Sardar Sikandar Hayat Khan said Kashmir’s Muslim-majority areas should go to Pakistan and Hindu areas accede to India.
“This solution is the closest to the 1947 Partition plan under which India and Pakistan came into being,” Khan said in a telephone interview.
The proposal from Khan comes as a surprise as his party, the hardline All Jammu and Kashmir Muslim Conference, usually insists on Pakistani rule for the whole of Kashmir.
His call coincides with new steps by Pakistan and India to ease tensions after an 18-month standoff during which they went to the brink of a fourth war.
No comment was immediately available from the Pakistan government, which has called repeatedly for a UN-sponsored referendum to decide the fate of the territory.
Former Pakistan foreign minister Sartaj Aziz said the proposal had been put forward in the past.
“There are many options which have been discussed at the unofficial level but the important thing is to start a dialogue,” he said.
Irshad Mehmood, a Kashmir analyst at the Islamabad-based Institute of Policy Studies, said it was a workable solution supported by some Hindu nationalists.
“It is a feasible formula on which talks can be held with India.

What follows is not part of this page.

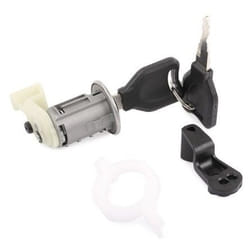 MAGNETI MARELLI 350105016200 Cylinder Lock Front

But it can only work if the Kashmiris on both sides sit together to discuss it first,” he added.
India holds about 45 per cent of Kashmir, Pakistan over a third and China the remainder.
Khan said the division of the mainly Muslim Himalayan region on religious lines would be “face saving” for Pakistan and India.
“If the Muslims of Kashmir are not prepared to live with India, how could Hindus agree to live with Pakistan'” Khan said. “This solution can be face saving for India, Pakistan and Kashmiris.”
While the majority of the militant groups fighting in Kashmir call for Pakistani rule, several groups favour independence from both Islamabad and New Delhi.
Indian Prime Minister Atal Bihari Vajpayee last month moved to break the India-Pakistan standoff by saying New Delhi was prepared to resume talks with Islamabad.
Later, Pakistani and Indian leaders spoke over telephone in what was the first top-level contact between the two countries since the failed Agra summit of 2001.
The neighbours have since announced moves to improve ties, including resumption of full diplomatic relations and plans to restore transport links.